Von erster Wentelung der zweiten Stiege

Wandt ich mich um, sah unter mir

Das Schattenbild, wie sich's am Handlauf schmiege,

Da, wo der Dunst stand faulig ob der Stiege,

Rang's mit dem Stiegen-Teufel: dem leiht Lüge

Der Hoffnung und Verzweiflung Gaukelzüge.

 

Auf zweiter Wentelung der zweiten Stiege

Ließ ich sie windend, wentelnd unter mir.

War da kein Antlitz mehr, schwarz lag der Stiege Grund.

Wies schorfig, klamm ein Greisenmaul, geifernd vor Ungenüge,

Wies eines alten Hais gezahnten Schlund.

 

Zur ersten Wentelung der dritten Stiege

War ein Guckfenster, bauchig wie der Feige Frucht,

Dahinter Hirtentrift und Weißdorns Blühn.

Der breitgeschulterte Flötist, berockt in Blau und Grün,

Verzauberte den Mai mit fremder Töne Flucht.

Haar im Wind ist süß, braun Haar, das über Lippen weht,

Braun Haar und Flieder-Wiegen,

Verwirrung, Flöten-Hall und Geisterstapf auf dritter Stiegen.

Klingt ab, klingt ab: Kraft jenseits Siegen und Erliegen

Klimmt auf zur dritten Stiege.[x]

 

Im Blick auf Aussagen in Gesprächen von Bacon über Eliot[xi] und zumindest einer Titelgebung tauchen Vermutungen auf, aber sie sind letztlich nicht mit Sicherheit zu beantworten. Es wäre nicht das einzige Mal, dass ihm eine literarische Zeile eine Bildidee entlockt hätte. Richard Francis, einer der besten Kenner von Bacons Kunst, lange Jahre zuständig für ihn in der Tate, heute der Gründungsdirektor des Museums of Modern Art in Chicago, fragte ihn nach diesem Zusammenhang. Bacon verneinte. Aber das tat er oft, wenn es um Quellen zu seinen Bildern ging.
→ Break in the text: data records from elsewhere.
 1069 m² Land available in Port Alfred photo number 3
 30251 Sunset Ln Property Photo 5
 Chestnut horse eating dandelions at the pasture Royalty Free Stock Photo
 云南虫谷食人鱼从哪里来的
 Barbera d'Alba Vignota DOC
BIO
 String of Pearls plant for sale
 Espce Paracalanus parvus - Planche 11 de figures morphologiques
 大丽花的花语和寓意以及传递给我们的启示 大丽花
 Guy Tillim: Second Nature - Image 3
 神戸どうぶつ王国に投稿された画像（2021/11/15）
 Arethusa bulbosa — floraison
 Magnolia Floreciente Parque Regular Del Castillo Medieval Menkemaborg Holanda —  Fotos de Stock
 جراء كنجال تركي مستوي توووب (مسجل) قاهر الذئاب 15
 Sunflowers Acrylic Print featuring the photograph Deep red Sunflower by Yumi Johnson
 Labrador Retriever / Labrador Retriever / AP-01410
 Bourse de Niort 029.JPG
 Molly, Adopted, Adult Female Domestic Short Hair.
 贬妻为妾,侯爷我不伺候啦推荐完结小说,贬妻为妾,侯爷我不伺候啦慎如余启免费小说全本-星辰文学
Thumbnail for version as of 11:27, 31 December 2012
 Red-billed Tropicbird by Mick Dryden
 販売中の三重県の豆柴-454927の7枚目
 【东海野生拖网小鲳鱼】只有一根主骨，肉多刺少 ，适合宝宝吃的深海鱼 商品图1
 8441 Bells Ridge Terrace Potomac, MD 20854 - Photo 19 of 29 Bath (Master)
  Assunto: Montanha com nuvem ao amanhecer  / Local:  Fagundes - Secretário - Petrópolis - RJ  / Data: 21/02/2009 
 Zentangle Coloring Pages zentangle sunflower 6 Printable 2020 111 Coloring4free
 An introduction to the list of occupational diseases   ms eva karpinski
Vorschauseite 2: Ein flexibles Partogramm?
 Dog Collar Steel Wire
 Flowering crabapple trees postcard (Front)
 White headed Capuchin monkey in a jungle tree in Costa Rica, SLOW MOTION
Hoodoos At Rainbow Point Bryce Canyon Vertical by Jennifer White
Aus der linken Tafel des Triptychons steigen andere Bilder auf. Auf ein Laufgerüst montiert Bacon eine seiner balancierenden Figuren[xii]. Hier hat sie ihren Stand verloren. In Boxershorts stürzt sie ab, schlägt mit dem Kopf auf - und bleibt liegen; das Ende ausgezählt: Knock-out. Drei Bildelemente halten den Stürzenden: das Schwarz von Hose und Schuh, das Grau des gespenstig fliegenden Schattens und die ins Fleischgelb auslaufende biomorphe Pfütze unten. So fest die Gestalt in der Hose sitzt, so explosiv verliert sie sich in Todesschatten, Lebenspfütze und ab Brustkorbhöhe vollends in ihre Einzelteile. Bacon steigert sein Bild ins Drastische. Die Figur zuckt und fuchtelt, als hätte sie mehr Arme als zwei und löst sich doch auf in die Ovalen, mit denen dieser Maler so oft seine Bilder beginnt.

Der Gestürzte läuft aus in den Kopf, der auf den Steg geschlagen ist, so schmerzverzerrt wie selten expressiv. Als gebäre das Haupt einen Lebensschatten, diesmal nach links in eine zweite Form, so abstrakt, wie der Kopf realistisch ist: ein Ensemble von Kreisen und Ovalen im neuen Gemisch seiner Farben von Gelb und Rot wie Weiß und Schwarz. Es sind jene Vorformen, von denen dieser Künstler sonst sagt, dass er aus ihnen seine Figuren schaffe [xiii]. Hier läuft sie zurück, Oval um Oval, Farbe um Farbe, und kreiert anstatt der plastischen Fläche einen aseptischen Bildraum, der nichts demonstriert als die leblose, schattenhafte Leere.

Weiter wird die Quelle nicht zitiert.